I'm not saying you should get it. What I am saying is getting it is not a mistake if it is in good shape. Depending on your age you will either grow into it or out grow it as your skills increase. the Specialized P line is well respected by many jumpers. They hold up and put out.


----------



## 84CUCV (May 5, 2008)

great info. yes im new to this. this started when i went for a ride with some friends.. i rode his decked out 09 p3 i think it was. single speed.. had a lot of fun.. i really suck but i had a good time think im going to go for it thanks


----------



## Ayenn (Jul 25, 2010)

No worries, bro. Keep us briefed -n- stuff. Post some pics of some shred on it!


----------



## 84CUCV (May 5, 2008)

i will thanks


----------



## 84CUCV (May 5, 2008)

just went off ebay. got it for 355!!! happy about that.. cant wait to get it


----------



## Ayenn (Jul 25, 2010)

nice!


----------



## Smasher! (Aug 28, 2009)

Just spent the night riding park. Whoa! This bike preforms pretty good on a park. Some stuff I can see I'm going to need to fix(tire pressure for one). The back wheel felt loose when riding some quick stuff, so I will look at that.

Sorry, no pics. First time riding a park, so I was focused! Hopefully going tomorrow too, then might be able to get some pics.

Nice find on the bike, post up some pics.


----------



## Ayenn (Jul 25, 2010)

What kind of park? Bowl type or obstacle type?


----------



## Smasher! (Aug 28, 2009)

Ayenn said:


> What kind of park? Bowl type or obstacle type?

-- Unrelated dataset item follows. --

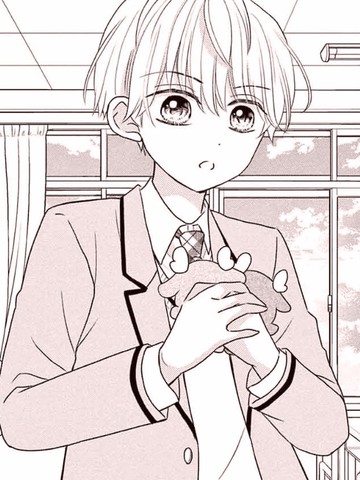 恋慕小鹿仔漫画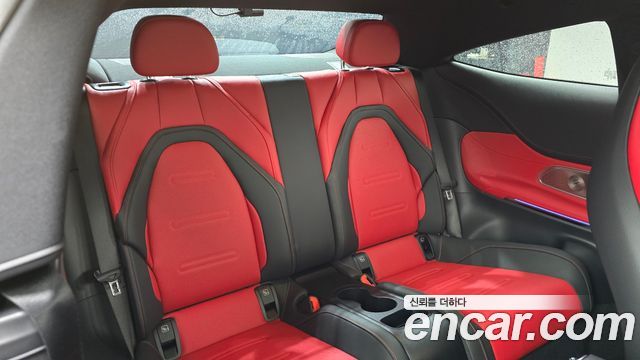 MERCEDES AMG CLE-Classe C236 AMG CLE53 4MATIC+ Coupé 2026 - photo 17 - Import Corée du Sud | International Cars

Obstacle. Quite a nice line we were hitting today, getting better and better each time. There's a quarter there, that I just couldn't get the balls to hit, next time I will..maybe. Lol.


----------



## 84CUCV (May 5, 2008)

i will soon


----------



## DSFA (Oct 22, 2007)

I've owned a 04 P1, 05 P1, 06 P3 Short, 07 P2 Long. All aluminum versions. The 06 and 07 were the "new" style geo and much heavier than the 04/05 which are the same frame aside from color. The early P2/3's have vertical DO's to run gears. The first couple years of steel frames are 40lb boat anchors. I think in 09 Specialized lightened the alum. frames up again. And fwiw, the new cromo frames kick butt.


----------



## 84CUCV (May 5, 2008)

the one i just got is a 05 long.. pretty much new. cant wait. thanks


----------